Aqua Clear Water Treatment Specialists manufactures ion exchange water filters and offers service programs for water softening and deionization. In the water treatment industry the two most common forms of ion exchange filters are softening and deionization (DI). Softening is most commonly used as a pre-treatment system in reducing water hardness prior to a reverse osmosis system. A softener system contains resin beads that exchange two sodium ions for every calcium or magnesium ion removed from the incoming hard water, in turn producing soft water. A softener system is a great pretreatment method for removing the salts that could essentially damage the membrane elements of an RO system, causing scale on the membrane surface.
Deionization or DI systems can be an important component of a total water purification system when used in combination with other methods such as reverse osmosis filtration. DI systems effectively remove ions, resin beads exchange either hydrogen ions for cations or hydroxyl ions for anions. The DI resins can be in separate bed exchangers with separate units for the cation and anion exchange beds. They may also be packed in mixed bed exchangers containing a mixture of both types of resins. The deionization resin will remove dissolved inorganics from the water source. Contact Aqua Clear water treatment specialists about our services and ion exchange water filters today.
What is Hard Water?
Untreated water, such as water ‘piped’ into a home or business, also known as tap or city water, has the characteristic of being ‘hard.’ Water is hard when it contains minerals such as calcium and magnesium. Hard water can not only interfere with taste when used for human consumption, but in the case of industrial use can cause issues in downstream equipment such as leaving mineral deposits and frequent cleaning or replacing of filters. Mineral deposits from water are commonly known as limescale.
What is Water Softening?
Water softening is the process of removing or modifying the particles, such as minerals, that make water hard. This is done in two ways: chemistry and filtration. Using chemistry, also known as ion exchange, or deionization (DI), although water does pass through a media ‘filter’ when ion exchange is used, the process is not intended to trap minerals, but passes the minerals along the surface of materials that cause an exchange of ions.
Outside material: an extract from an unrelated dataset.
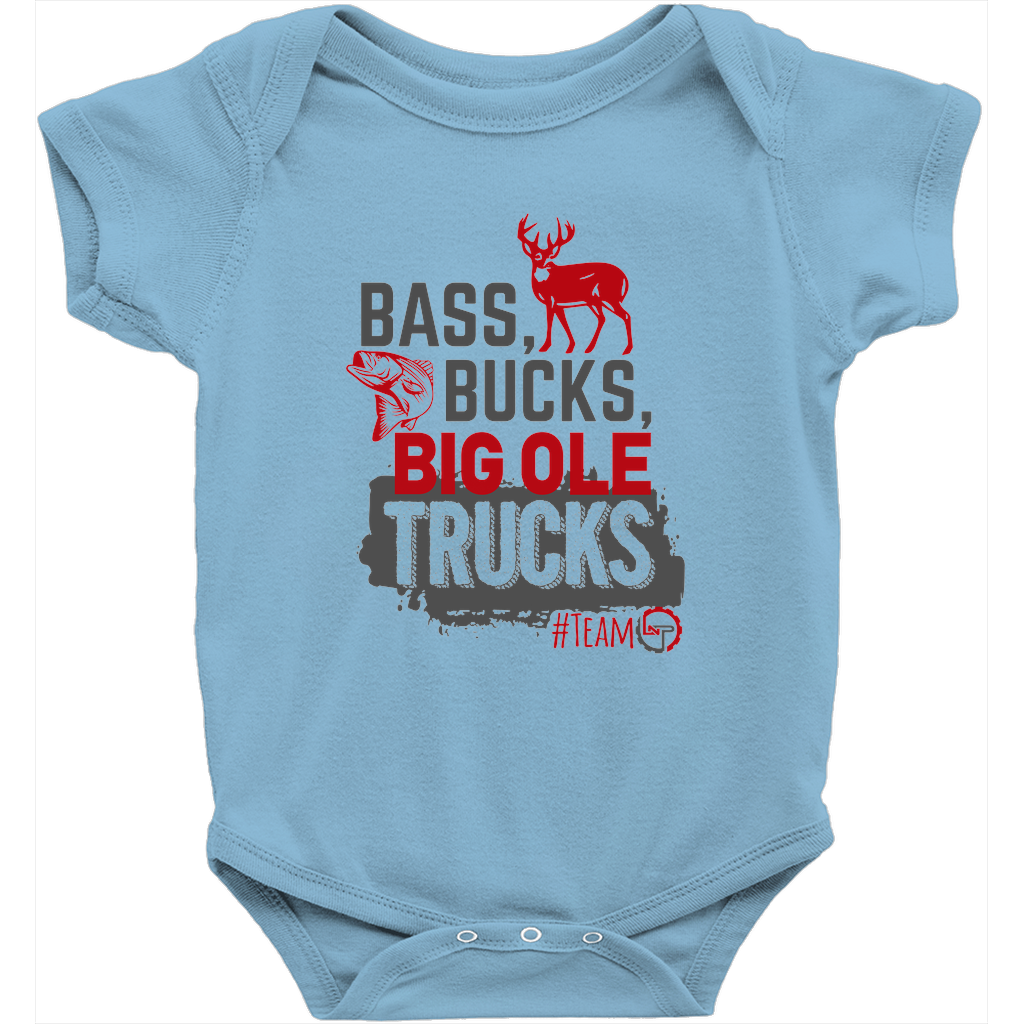 Bass, Bucks, and Big Ole' Trucks - Baby Onesies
Using ion exchange, the minerals are not removed, but modified at a molecular level to no longer cause water hardness. Using filtration, such as reverse osmosis, hard water is moved along a membrane with pores large enough for only water molecules to pass through, leaving behind the hard water particles.
Difference Between Ion Exchange and Reverse Osmosis?
Technically, both ion exchange filtering and reverse osmosis are forms of water softening, however, in many cases ion exchange is used prior to reverse osmosis in a water treatment system to reduce costs and maintenance. Ion exchange is easier and less expensive to maintain as, in simplified terms, it requires only its filter media to be replaced – usually resis beads. Replacing reverse osmosis filters is a more involved process as it requires replacing or cleaning of membranes, pipes and containers. It is common to use ion exchange filtering to remove as many minerals as possible before the water is ‘finished’ in the reverse osmosis process. In many industrial applications, both ion exchange filtering and reverse osmosis are only the first step in a long and complex water treatment system.
Is Reverse Osmosis Required After Ion Exchange Filtering?
No. Depending on the level of water treatment needed, the process can end after the ion exchange process without continuing on to a reverse osmosis, or any other process, before being used for its intended purpose. For example, ion exchange filtering might be the first and only water treatment step when used for human consumption. When water is treated for industrial purposes, there is almost no end to the complexity of both filtering and chemistry needed depending on how the water will be used.
Do I Need to Soften My Water?
There is no simple answer to this question. The easiest way to determine if your water needs to be softened is to reach out to a water treatment specialist. Generally speaking, there are always benefits to softening your water, if nothing else simply to protect your plumbing from limescale, but how to soften your water and to what extent varies greatly from one application to the next.